La decisione veniva gravata dall’Ufficio avanti alla CTR dell’Emilia Romagna che con sentenza n. 726/2019 respingeva l’appello.

Il Giudice di appello, sulla premessa che la contestazione riguardava la cessione di alcuni beni senza emissione della relativa fattura e che in seguito alla procedura per adesione il contribuente aveva documentato la regolare fatturazione dei beni contestati in parte nell’anno 2008 ed in parte nel 2009 e che l’Ufficio aveva riconosciuto la correttezza della ricostruzione operata sulle vendite ma si rifiutava di applicarla ai componenti positivi o negativi di reddito per la non esatta imputazione in base al principio di competenza per via della preesistenza di un contenzioso afferente ad anni precedenti, riteneva sulla base della Circolare n.23E del 2012 e della Circolare n. 31E del 2012, invocate dall’appellato la possibilità di rettificare le componenti negativi o positive di reddito non imputate correttamente in base al principio della competenza con l’applicazione delle sole sanzioni.

Sosteneva che l’interpretazione fornita dall’Amministrazione finanziaria, non supportata da alcuna previsione nella suddetta circolare, doveva considerarsi lesiva del divieto di doppia imposizione.

Avverso tale pronuncia l’Agenzia delle Entrate propone ricorso per cassazione affidato a due motivi cui resiste il contribuente con controricorso e ricorso incidentale illustrato da memoria.

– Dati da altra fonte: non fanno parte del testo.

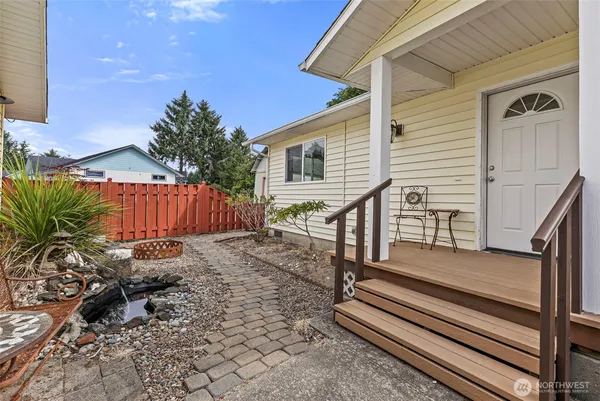 $440,000 | 526 Sunset Avenue, Ocean Shores, WA 98569
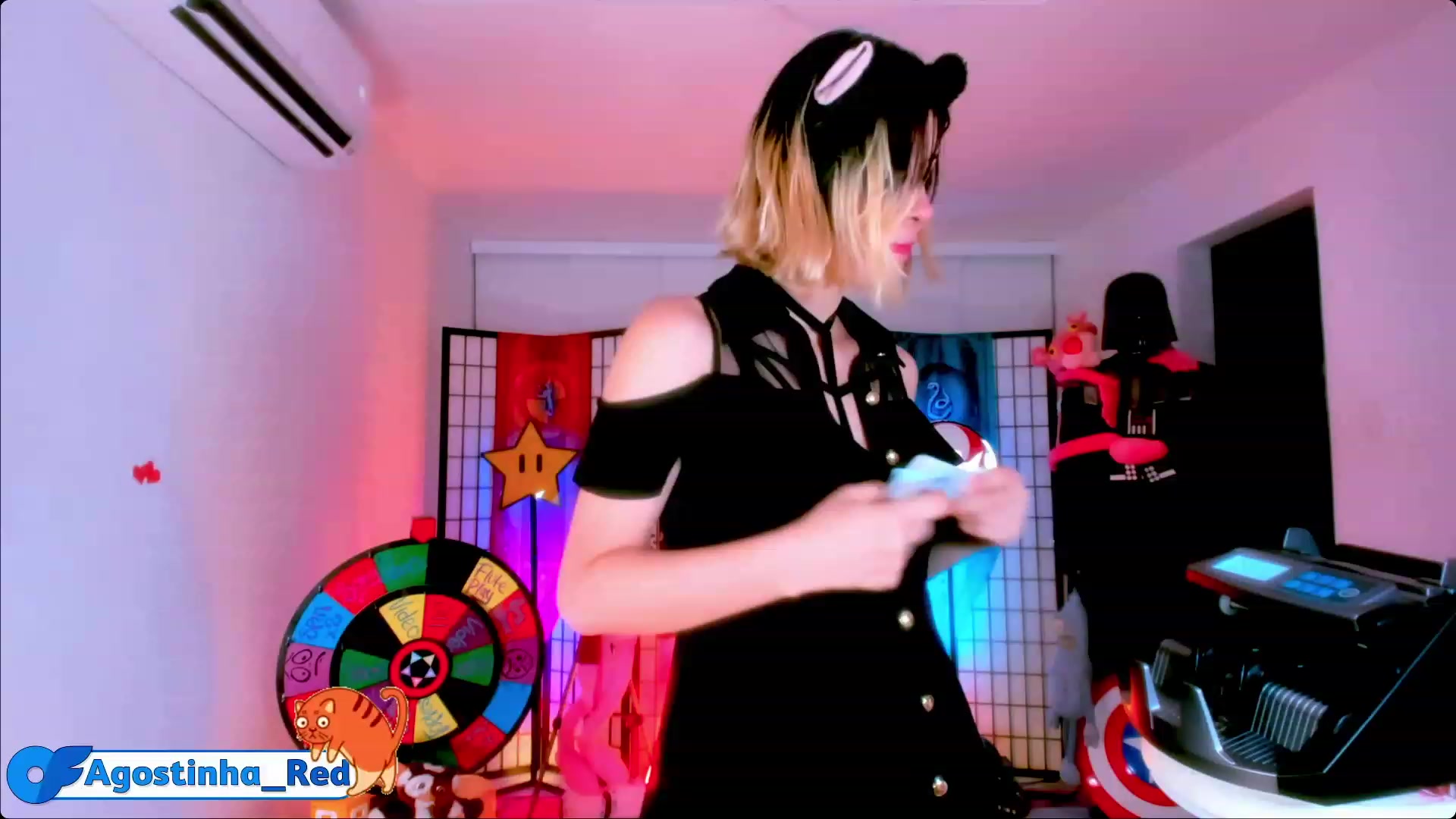 Gallery image thumbnail from Agostinha_Red's myfreecams stream on, 05/20/2023, 01:27 image 15 of 20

Con il primo motivo si denuncia la nullità della sentenza per violazione dell’art. 132 c.p.c., comma 2, n. 4, del D.Lgs. n. 546 del 1992, art. 36, in relazione all’art. 360 c.p.c., comma 1, n. 4.

Si lamenta che la decisione in appello rappresenterebbe una pedissequa riproduzione della motivazione della sentenza di primo grado senza alcun esame delle censure dell’Ufficio sviluppate in appello, che ben lungi dal confermare la ricostruzione sulle vendite in contestazione, operava una dettagliata confutazione dell’idoneità probatoria della documentazione prodotta dal contribuente allegando le fatture d’acquisto contestate alle controdeduzioni di primo grado e svolgendo una analitica critica agli assunti del contribuente.

Si rileva che la CTR non avrebbe correttamente compreso la portata delle difese svolte in sede di gravame dall’Ufficio che, diversamente da quanto affermato nell’impugnata sentenza, aveva evidenziato che la documentazione offerta non era idonea a giustificare l’assenza delle rimanenze finali nell’anno 2008 con la pretesa cessione dei beni riferita all’anno 2009.

Con il secondo motivo si deduce la violazione e falsa applicazione del D.P.R. n. 600 del 1973, art. 39, comma 1, lett. d), degli artt. 2697, 2727 e 2729 c.c., in relazione all’art. 360 c.p.c., comma 1, n. 3.

Si contesta comunque la decisione nella parte in cui aveva ritenuto che gli elementi presuntivi addotti dall’Ufficio (acquisti di beni non rinvenuti nelle rimanenze finali e conseguente presunzione di cessione in nero) fossero stati superati dalla controparte la quale avrebbe fornito la prova della rivendita dei beni.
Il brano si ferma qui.